Although rMYL1 resisted gastric digestion, it was rapidly hydrolyzed once it was exposed to the pancreatic enzymes trypsin and chymotrypsin. However, food allergens are not ingested alone. Instead, allergenic proteins in food are generally embedded within a complex structure, the so‐called food matrix. This food matrix, its chemical composition, and the interactions of the allergens with the rest of the food components can, in fact, alter the resistance of the allergen to digestion.^[ ⁴⁹ ^] Indeed, we showed that the food matrix protected MYL1 from the action of the pancreatic enzymes when the in vitro digestion was performed with a whole piece of cooked beef instead of individual proteins. Under these conditions, a protein band of approximately 22 kDa, was recognized by the anti‐rMYL1 specific antibody and also by a pool of patients’ sera in the aliquots collected during the simulated gastric digestion. Furthermore, in the aliquots corresponding to the duodenal phase of the in vitro digestion, a protein band of about 20 kDa was also bound by a rMYL1‐specific antiserum and patients’ IgEs even 2 and 5 min after addition of the pancreatic enzymes. The IgE binding to the 22 and 20 kDa bands was inhibited in both cases by preincubation of the pool of patients’ sera with rMYL1, confirming that the protein recognized by patients’ IgE was indeed MYL1. It is very likely that other components of the meat‐food matrix, impaired the digestibility of MYL, thereby increasing the stability of this protein to digestion.^[ ⁵⁰ ^]
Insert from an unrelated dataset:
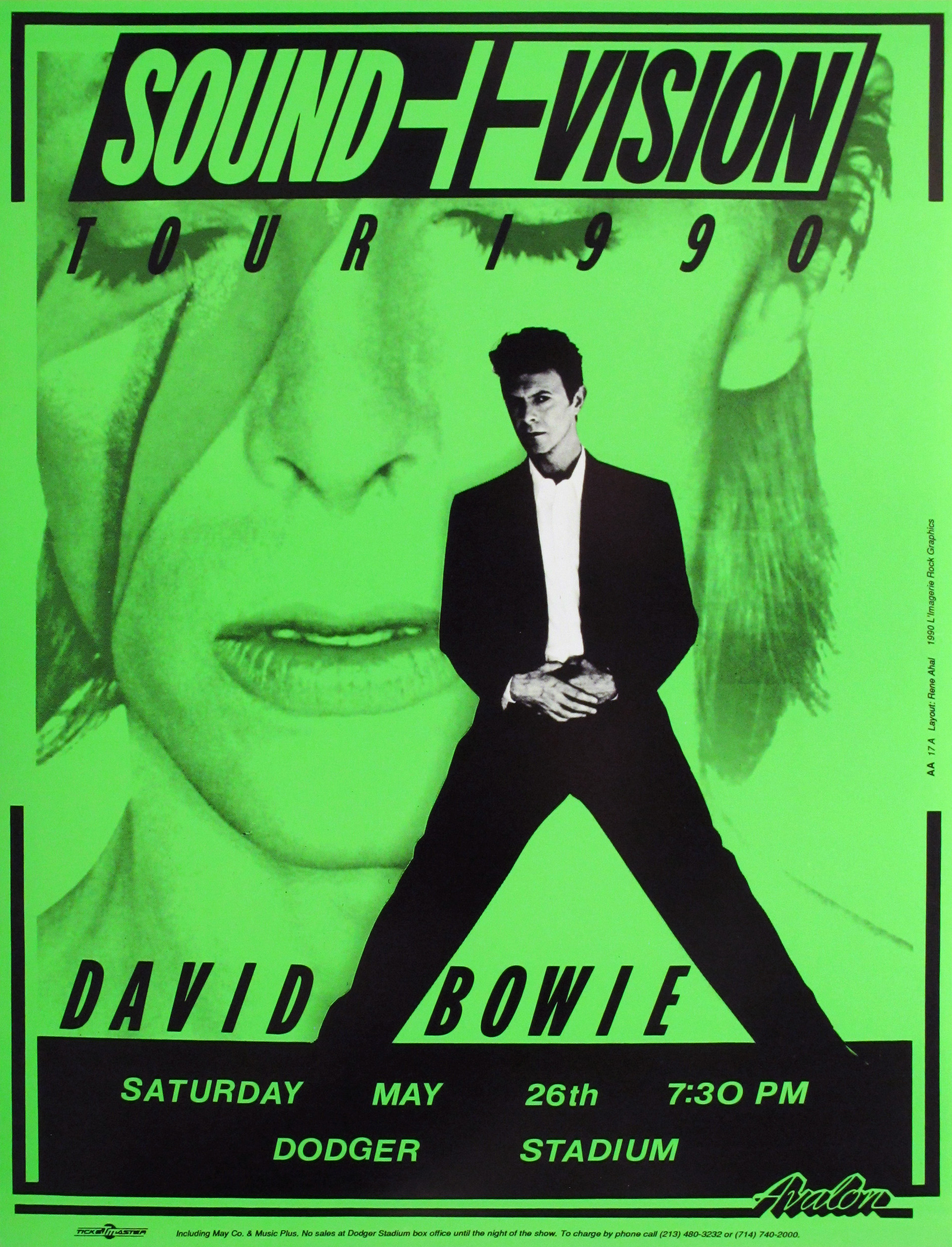 David Bowie Concert Poster (Green Version)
Once an allergen is able to reach the intestine intact, if the protein or at least its peptides carrying IgE epitopes (which range between 6 and 15 amino acids^[ ⁴⁸ ^]) are capable of crossing the intestinal epithelium, this allergen could cause allergic sensitization. Furthermore, in allergic sensitized individuals, the allergen reaching the blood stream could elicit systemic allergic reactions. It is known that some of the beef proteins like serum albumin, and oligopeptides with certain hydrophobic characteristics can be transported intact through the intestinal cells.^[ ⁵¹ , ⁵² , ⁵³ ^] MYL1 has indeed certain hydrophobicity, since 45.31% of its amino acids are hydrophobic, whereas 16.15% are acidic, 13.02% basic, and 25.52% neutral. We assessed whether rMYL1 could be transported intact across the intestinal epithelium by applying undigested and digested rMYL1 to a Caco‐2 cell monolayer grown on permeable inserts. The presence of rMYL1 in the basolateral medium of the cells after overnight incubation confirmed that rMYL1 was transported through the monolayer of Caco‐2 cells. Interestingly, a higher amount of protein was detected in the basolateral medium of the cell monolayer after application of rMYL1 that had been subjected to 60 min of simulated gastric digestion. It can be excluded that pepsin, that had been added to simulate gastric digestion, damaged the integrity of the Caco‐2 cell monolayer, because the solution applied to the Caco‐2 cells, had a pH of 7.4, where pepsin is inactive. Furthermore, TEER values, and therefore the integrity of the cell monolayer, did not decrease after incubation with digested rMYL1. Therefore, we hypothesize that partial peptic digestion of the protein increases its hydrophobicity, facilitating its transport across the intestinal cell monolayer.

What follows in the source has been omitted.